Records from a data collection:
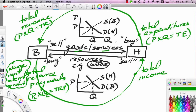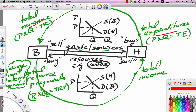This completes the Simple Circular Flow: expenditures come around and become revenues; revenues become resource payments; resource payments come around and become income; income is used to make expenditures — and you've closed the loop. Notice all of these are flows: expenditures, revenue, resource payments, and income are all amounts measured over a period of time, not at a point in time. This represents economic activity only within a particular period of time.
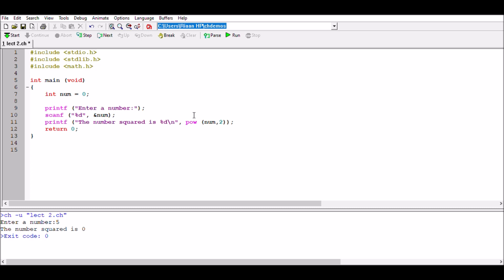We need to add #include math.h because pow is a mathematical function found in the math.h library. The second thing to keep in mind is that pow needs its output as a floating point number, not an integer. Where we have %d we need %f, which refers to a floating number. The output of the pow calculation will be placed into that %f variable.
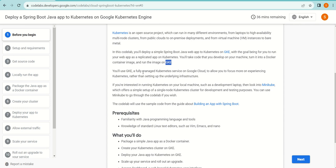You'll use GKE, a fully managed Kubernetes service on Google Cloud, to allow you to focus more on experiencing Kubernetes rather than setting up the underlying infrastructure. We are not going to look at setting up the underlying infrastructure—we're just going to understand deploying our application using GKE, which allows us to focus on the development and deployment part of it.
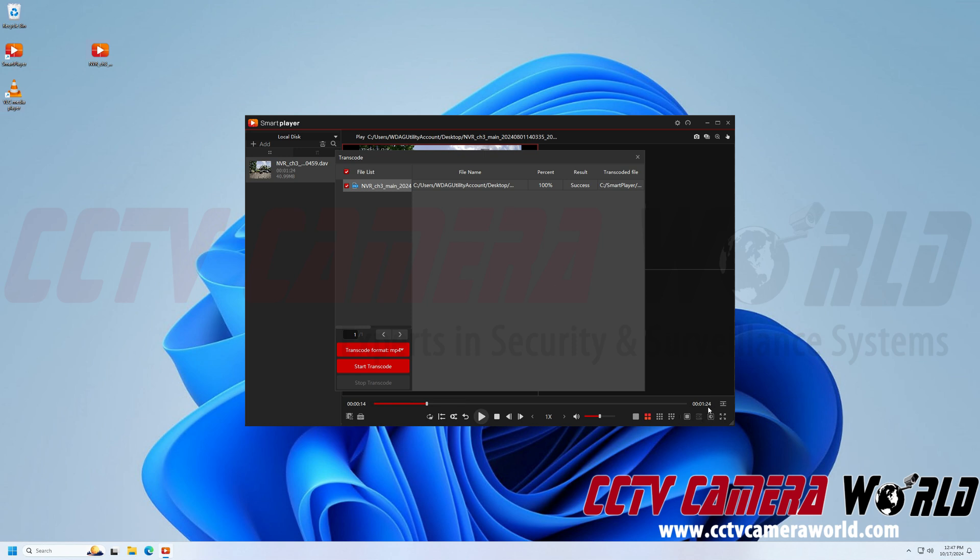But you'll note this file was only a minute and 24 seconds, only really 40 megabytes and it took about a second or two for my computer, which is really strong to convert this file.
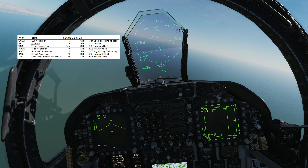Hello everyone, I hope you're all doing very well. Today we're in the F/A-18C Hornet and we're looking at the ACM functionality and modes of the Hornet radar.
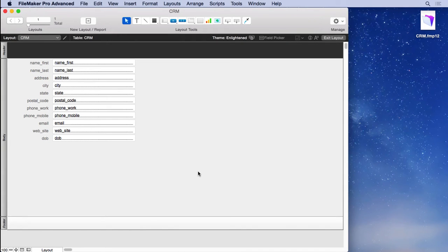Most professional developers use manage database to add fields because it has more capability and allows you to access tables and relationships as well.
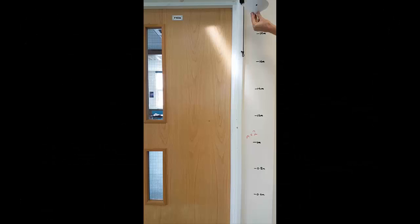For this experiment you will need to record a video of your object falling through the air and I will now explain how to set up the Tracker software so that you can produce a velocity-time graph of its motion.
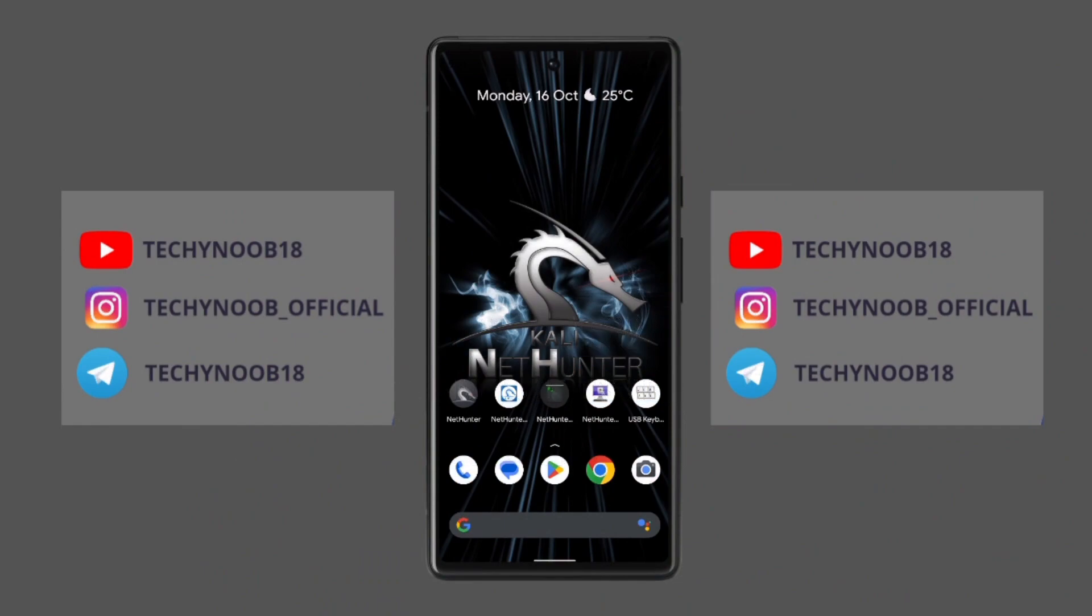Hey guys, welcome back to another video. Today I'm going to be showing you how to use your Android phone as a keyboard or mouse without Bluetooth and Wi-Fi. To use this trick you will need a rooted phone and you will need to install NetHunter on your Android phone. If you don't know how to install NetHunter, I have already made a video on it so you can watch my video for it.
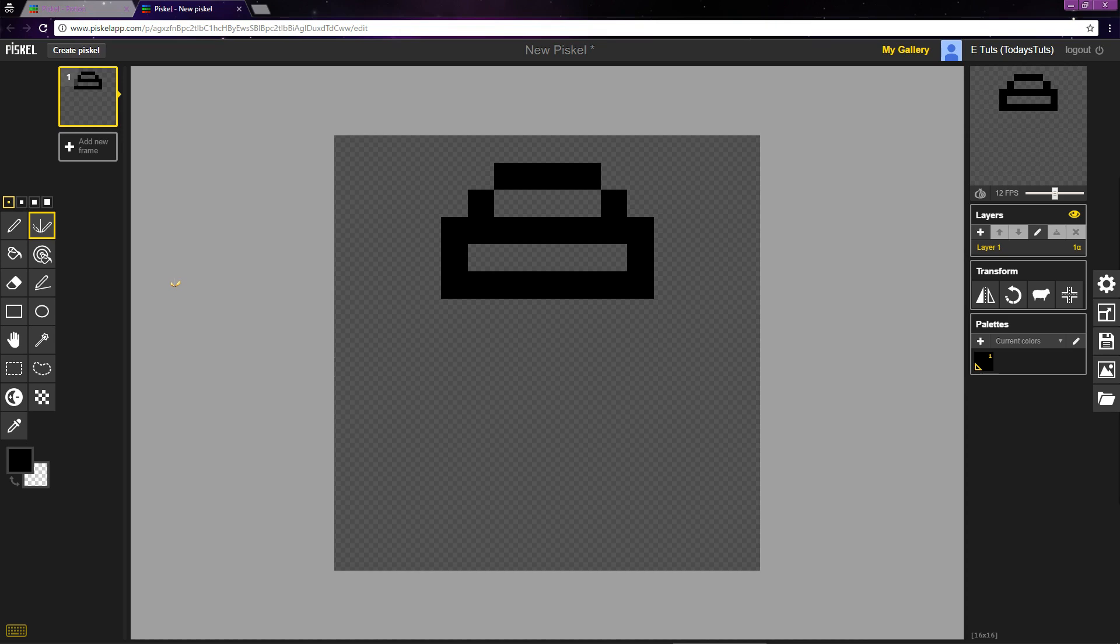I placed what we have so far directly on the center of the canvas, and what I drew is symmetrical. So if I place a pixel just under the second pixel in on the left, Piskel will mirror that and place a pixel 1 pixel in from the right.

Aim of the exercise: Would you set down only the lines above from the line with "But you'll note" to the line with "For this experiment", both included, exactly as they stand and without the pictures?

Written answer:
But you'll note this file was only a minute and 24 seconds, only really 40 megabytes and it took about a second or two for my computer, which is really strong to convert this file.
Hello everyone, I hope you're all doing very well. Today we're in the F/A-18C Hornet and we're looking at the ACM functionality and modes of the Hornet radar.
Most professional developers use manage database to add fields because it has more capability and allows you to access tables and relationships as well.
For this experiment you will need to record a video of your object falling through the air and I will now explain how to set up the Tracker software so that you can produce a velocity-time graph of its motion.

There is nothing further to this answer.